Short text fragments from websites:
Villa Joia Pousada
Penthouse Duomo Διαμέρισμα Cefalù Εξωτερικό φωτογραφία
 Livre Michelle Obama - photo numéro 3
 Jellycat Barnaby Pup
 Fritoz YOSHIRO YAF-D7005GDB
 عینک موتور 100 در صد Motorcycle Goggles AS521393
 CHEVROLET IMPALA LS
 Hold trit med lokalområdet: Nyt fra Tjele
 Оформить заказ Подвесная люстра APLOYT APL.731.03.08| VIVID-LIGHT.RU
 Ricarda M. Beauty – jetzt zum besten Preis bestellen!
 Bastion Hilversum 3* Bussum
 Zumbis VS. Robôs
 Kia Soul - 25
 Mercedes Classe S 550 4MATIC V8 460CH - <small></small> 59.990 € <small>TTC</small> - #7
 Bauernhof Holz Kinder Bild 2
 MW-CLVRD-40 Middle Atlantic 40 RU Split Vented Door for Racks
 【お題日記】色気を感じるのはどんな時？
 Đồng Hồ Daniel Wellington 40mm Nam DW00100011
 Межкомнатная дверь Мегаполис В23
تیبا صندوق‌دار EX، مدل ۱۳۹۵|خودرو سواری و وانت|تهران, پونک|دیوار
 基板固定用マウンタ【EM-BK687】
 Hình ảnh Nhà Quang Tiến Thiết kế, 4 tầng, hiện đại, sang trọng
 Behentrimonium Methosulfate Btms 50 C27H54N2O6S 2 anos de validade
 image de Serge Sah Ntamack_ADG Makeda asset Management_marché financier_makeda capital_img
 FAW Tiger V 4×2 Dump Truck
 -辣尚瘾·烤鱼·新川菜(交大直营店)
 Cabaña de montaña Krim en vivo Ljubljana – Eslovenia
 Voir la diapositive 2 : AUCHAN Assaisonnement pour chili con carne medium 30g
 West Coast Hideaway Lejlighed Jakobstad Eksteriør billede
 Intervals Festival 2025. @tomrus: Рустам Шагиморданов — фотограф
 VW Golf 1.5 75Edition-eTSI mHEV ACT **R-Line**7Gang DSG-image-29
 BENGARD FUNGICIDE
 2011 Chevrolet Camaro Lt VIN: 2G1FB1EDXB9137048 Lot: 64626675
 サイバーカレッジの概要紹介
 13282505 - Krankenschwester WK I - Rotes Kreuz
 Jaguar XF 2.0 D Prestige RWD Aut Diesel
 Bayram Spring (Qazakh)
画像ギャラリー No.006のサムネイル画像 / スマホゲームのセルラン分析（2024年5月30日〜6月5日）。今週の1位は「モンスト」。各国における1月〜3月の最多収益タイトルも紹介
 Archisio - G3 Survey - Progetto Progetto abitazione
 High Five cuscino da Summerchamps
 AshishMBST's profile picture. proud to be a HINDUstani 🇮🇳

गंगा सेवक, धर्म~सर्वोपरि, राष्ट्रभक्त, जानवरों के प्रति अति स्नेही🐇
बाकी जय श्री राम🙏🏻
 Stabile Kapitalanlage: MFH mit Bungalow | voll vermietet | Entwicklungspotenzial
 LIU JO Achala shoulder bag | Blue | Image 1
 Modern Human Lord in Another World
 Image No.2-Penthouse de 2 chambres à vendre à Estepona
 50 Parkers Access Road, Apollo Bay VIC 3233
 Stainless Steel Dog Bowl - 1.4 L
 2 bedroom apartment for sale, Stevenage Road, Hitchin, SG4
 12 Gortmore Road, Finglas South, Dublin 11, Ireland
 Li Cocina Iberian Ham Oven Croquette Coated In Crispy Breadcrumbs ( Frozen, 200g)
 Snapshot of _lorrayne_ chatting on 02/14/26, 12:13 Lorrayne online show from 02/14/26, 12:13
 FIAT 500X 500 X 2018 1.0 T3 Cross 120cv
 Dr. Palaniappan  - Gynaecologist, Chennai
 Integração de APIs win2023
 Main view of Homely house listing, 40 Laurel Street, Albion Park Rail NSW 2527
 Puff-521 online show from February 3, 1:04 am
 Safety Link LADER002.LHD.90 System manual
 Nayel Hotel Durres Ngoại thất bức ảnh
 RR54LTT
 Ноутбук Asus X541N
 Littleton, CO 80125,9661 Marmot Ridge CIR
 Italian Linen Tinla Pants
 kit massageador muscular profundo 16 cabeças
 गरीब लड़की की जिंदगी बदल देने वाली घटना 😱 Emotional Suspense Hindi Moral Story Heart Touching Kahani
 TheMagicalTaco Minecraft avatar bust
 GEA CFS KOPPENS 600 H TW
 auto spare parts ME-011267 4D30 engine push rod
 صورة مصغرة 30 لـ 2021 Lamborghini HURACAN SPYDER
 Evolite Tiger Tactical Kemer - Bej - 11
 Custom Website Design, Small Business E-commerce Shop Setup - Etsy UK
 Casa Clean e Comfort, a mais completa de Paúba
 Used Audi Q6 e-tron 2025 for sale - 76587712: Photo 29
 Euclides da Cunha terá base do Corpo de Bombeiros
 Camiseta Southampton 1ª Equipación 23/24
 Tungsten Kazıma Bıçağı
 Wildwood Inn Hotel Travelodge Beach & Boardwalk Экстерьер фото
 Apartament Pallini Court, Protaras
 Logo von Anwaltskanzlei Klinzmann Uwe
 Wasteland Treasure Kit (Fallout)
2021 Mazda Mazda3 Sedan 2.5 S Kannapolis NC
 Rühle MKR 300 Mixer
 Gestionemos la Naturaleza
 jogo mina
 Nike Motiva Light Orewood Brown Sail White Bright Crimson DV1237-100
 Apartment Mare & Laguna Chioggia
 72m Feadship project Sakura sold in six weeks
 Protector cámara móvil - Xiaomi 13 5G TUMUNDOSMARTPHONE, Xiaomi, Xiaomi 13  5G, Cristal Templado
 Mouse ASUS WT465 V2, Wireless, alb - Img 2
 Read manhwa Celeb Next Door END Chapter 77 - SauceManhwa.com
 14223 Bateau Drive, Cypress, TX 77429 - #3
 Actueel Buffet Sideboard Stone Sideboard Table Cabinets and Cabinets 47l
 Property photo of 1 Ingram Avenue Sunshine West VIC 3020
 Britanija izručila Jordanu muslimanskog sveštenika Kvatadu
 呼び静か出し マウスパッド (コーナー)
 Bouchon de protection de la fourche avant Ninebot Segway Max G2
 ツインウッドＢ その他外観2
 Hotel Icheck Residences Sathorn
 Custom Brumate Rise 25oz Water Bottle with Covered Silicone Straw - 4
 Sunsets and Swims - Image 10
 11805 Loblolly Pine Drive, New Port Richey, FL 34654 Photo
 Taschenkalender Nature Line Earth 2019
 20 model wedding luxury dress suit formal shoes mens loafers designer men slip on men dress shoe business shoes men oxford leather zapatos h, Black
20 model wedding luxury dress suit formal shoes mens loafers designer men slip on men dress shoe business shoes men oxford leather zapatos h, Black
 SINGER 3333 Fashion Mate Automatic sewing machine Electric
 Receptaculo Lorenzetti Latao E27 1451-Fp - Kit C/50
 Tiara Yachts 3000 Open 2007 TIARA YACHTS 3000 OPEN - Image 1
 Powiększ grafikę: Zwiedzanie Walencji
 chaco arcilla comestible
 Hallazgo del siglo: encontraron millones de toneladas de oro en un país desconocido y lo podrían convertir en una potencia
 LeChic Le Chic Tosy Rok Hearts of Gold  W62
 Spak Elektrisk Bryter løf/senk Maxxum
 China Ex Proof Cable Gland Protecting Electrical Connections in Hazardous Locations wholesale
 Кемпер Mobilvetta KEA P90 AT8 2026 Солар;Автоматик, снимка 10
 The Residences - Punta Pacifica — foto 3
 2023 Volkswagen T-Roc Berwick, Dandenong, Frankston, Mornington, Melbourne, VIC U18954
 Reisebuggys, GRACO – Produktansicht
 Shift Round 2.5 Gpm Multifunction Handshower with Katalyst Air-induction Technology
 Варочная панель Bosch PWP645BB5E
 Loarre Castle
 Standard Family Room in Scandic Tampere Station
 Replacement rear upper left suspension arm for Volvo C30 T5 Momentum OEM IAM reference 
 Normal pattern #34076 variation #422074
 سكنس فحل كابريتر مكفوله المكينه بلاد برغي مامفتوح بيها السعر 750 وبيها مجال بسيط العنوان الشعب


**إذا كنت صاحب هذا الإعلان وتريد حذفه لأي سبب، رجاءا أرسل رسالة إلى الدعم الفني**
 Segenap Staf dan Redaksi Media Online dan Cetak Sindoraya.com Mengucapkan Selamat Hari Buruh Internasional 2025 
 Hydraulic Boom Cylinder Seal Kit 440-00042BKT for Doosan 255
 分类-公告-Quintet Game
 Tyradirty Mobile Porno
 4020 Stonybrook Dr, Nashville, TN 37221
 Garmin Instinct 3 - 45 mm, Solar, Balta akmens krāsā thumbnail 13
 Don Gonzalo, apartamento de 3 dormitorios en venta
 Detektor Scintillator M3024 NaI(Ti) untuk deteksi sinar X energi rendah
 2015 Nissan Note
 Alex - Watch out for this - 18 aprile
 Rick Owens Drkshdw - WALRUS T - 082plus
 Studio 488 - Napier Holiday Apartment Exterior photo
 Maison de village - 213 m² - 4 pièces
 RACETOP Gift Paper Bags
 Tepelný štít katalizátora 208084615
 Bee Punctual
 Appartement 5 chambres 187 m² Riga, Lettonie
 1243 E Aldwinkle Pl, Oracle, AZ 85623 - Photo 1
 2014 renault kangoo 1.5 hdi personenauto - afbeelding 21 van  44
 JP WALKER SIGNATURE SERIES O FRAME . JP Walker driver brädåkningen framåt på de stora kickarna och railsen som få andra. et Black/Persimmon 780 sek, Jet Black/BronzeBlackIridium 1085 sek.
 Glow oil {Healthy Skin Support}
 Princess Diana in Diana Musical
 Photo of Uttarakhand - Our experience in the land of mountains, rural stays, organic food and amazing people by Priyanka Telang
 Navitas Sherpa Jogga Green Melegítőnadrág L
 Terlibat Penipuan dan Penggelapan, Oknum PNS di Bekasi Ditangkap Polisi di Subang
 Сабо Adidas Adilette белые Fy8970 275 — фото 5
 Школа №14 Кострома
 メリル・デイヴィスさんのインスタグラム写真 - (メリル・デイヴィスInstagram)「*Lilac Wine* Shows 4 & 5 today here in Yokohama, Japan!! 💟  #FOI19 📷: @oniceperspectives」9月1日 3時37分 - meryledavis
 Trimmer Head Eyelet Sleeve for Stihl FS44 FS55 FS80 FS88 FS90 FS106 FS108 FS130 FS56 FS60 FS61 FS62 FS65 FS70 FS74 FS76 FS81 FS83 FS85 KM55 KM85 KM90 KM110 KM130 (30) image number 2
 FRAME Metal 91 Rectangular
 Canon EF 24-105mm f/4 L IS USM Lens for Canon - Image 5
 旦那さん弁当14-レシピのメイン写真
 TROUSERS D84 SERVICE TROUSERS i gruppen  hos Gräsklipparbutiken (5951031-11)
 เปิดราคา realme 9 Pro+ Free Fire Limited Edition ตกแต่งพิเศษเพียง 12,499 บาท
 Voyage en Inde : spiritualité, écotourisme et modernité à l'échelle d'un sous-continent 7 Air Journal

> _Task statement_
Say how many lines of the data include the word "designer". Nothing other than the number should be given.

> _Task answer_
2